Youths with type 1 diabetes (7.0 to 16.9 years) were recruited during a diabetes camp and completed self-report measures of food acceptability, eating behaviors, and demographics. An overall acceptability score for whole grains and for legumes was calculated as the sum of foods in each category rated as either "tried and liked" or "not tried and willing to try." Correlations of whole grain and legume acceptability with demographic characteristics were examined.

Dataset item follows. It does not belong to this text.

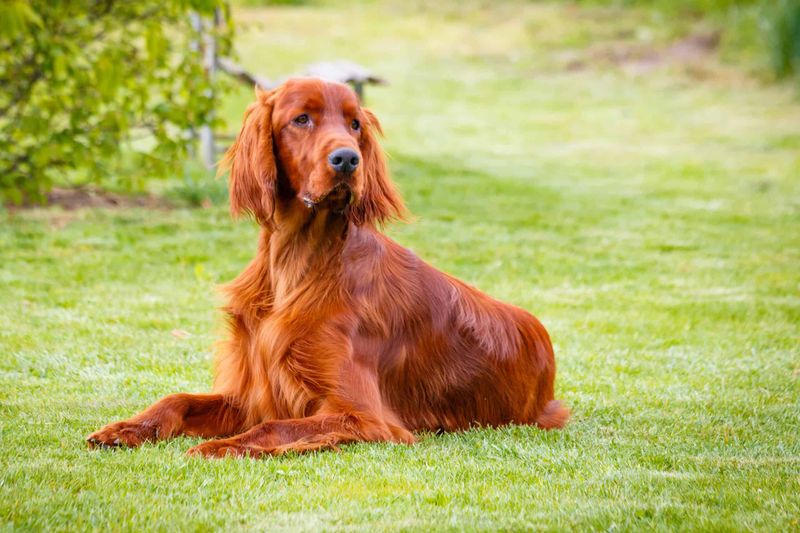 Irish Setter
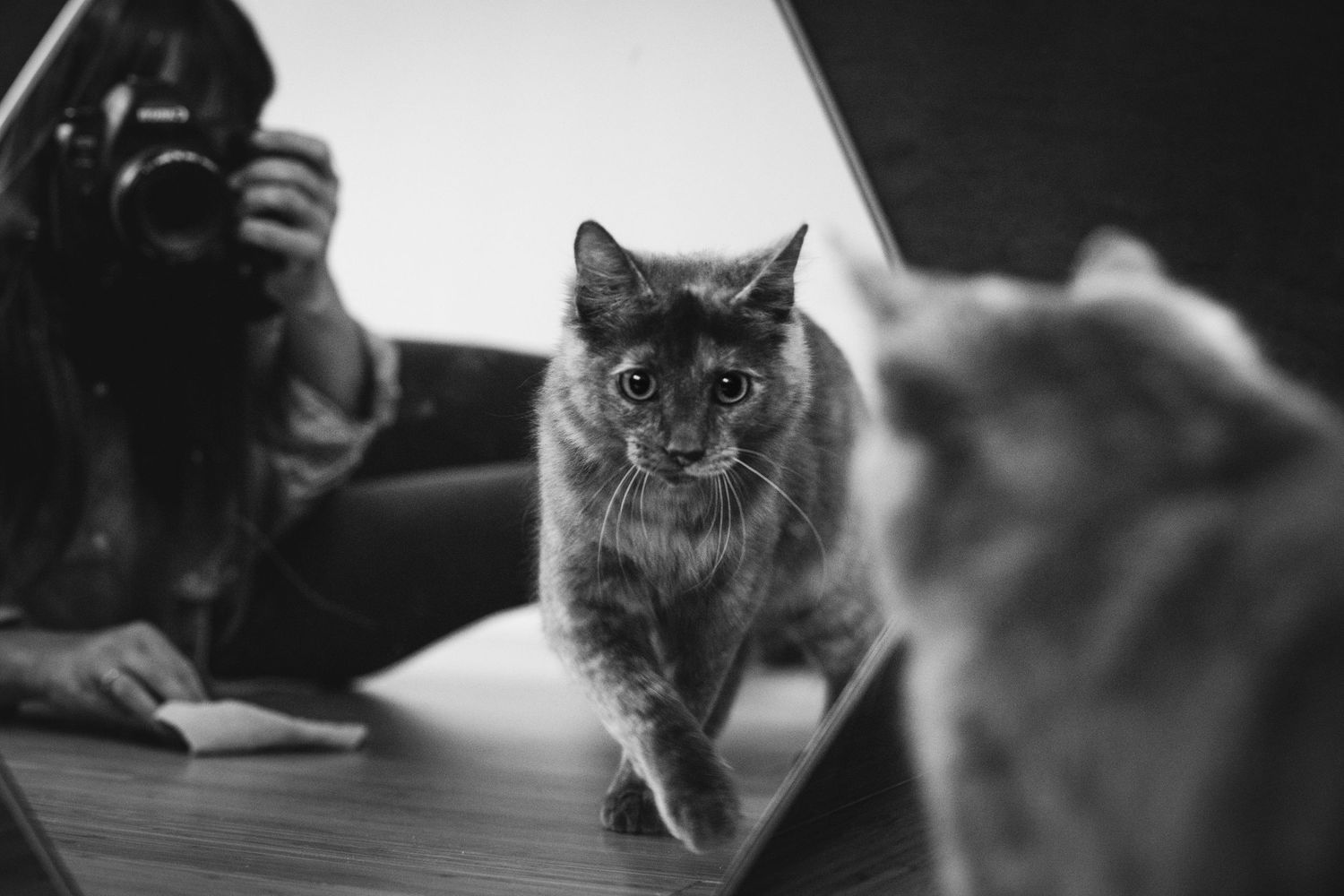 Black and white photo of gray cat walking across table with reflection visible.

One hundred twenty-eight youths participated (70% females, mean age 11.6 +/- 2.3 years). Whole grain foods with the highest acceptability were corn bread (85% tried/liked and 11% willing to try) and whole wheat bread (72% tried/liked and 3% willing to try). Total whole grain acceptability was negatively associated with days per week of fast food consumption (r = -0.21; P < .02) and living in an urban environment (r = -0.24; P < .01). Chili with beans (66% tried/liked and 8% willing to try) and baked beans (57% tried/liked and 19% willing to try) were the legume-containing foods with the highest acceptability. There were no significant associations between demographic factors and total legume acceptability.
These findings demonstrate the variability in acceptability among whole grains and legumes in youths with type 1 diabetes and the importance of addressing acceptability when counseling youths or designing nutrition interventions to improve consumption of these foods.

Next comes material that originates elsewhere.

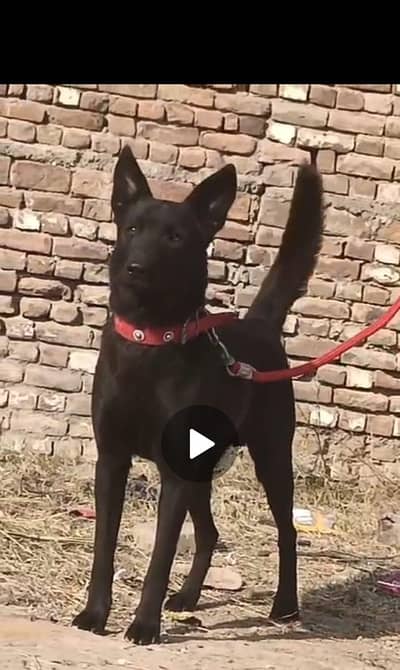 belgiam Shepherd male secortye dog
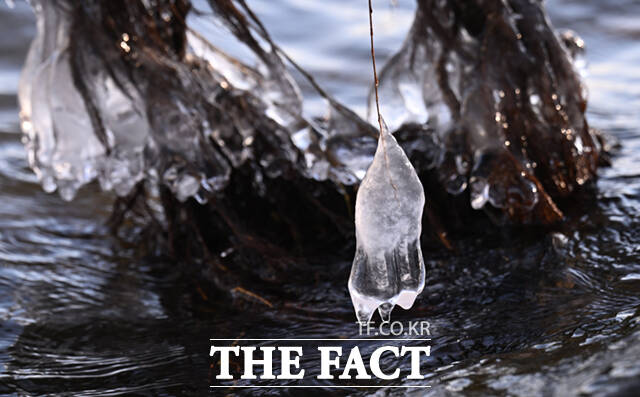 서울 기온이 영하 11도를 기록하는 등 전국 대부분 지역에 한파특보 및 한파주의보가 발효된 26일 오전 서울 마포구 양화한강공원 일대 나뭇가지에 흡사 거북이, 애벌레, 펭귄, 육쪽마늘(왼쪽 위부터 시계방향) 등을 닮은 고드름이 형성돼 있다. /이새롬 기자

本试点研究调查了1型糖尿病青少年对全谷物和豆类食品的接受程度,并确定了与其接受程度相关的人口统计学和行为因素。
在糖尿病夏令营期间招募了1型糖尿病青少年(7.0至16.9岁),他们完成了关于食物接受程度、饮食行为和人口统计学的自我报告测量。全谷物和豆类的总体接受程度得分是将每类中被评为“尝试过且喜欢”或“未尝试但愿意尝试”的食物得分相加得出。研究了全谷物和豆类接受程度与人口统计学特征之间的相关性。
128名青少年参与研究(70%为女性,平均年龄11.6±2.3岁)。接受程度最高的全谷物食品是玉米面包(85%尝试过且喜欢,11%愿意尝试)和全麦面包(72%尝试过且喜欢,3%愿意尝试)。全谷物总接受程度与每周食用快餐的天数呈负相关(r = -0.21;P < 0.02),与生活在城市环境中呈负相关(r = -0.24;P < 0.01)。含豆类的辣味食品(66%尝试过且喜欢,8%愿意尝试)和烘豆(57%尝试过且喜欢,19%愿意尝试)是接受程度最高的豆类食品。人口统计学因素与豆类总接受程度之间无显著关联。
这些研究结果表明,1型糖尿病青少年对全谷物和豆类的接受程度存在差异,在为青少年提供咨询或设计营养干预措施以增加这些食物的摄入量时,考虑接受程度非常重要。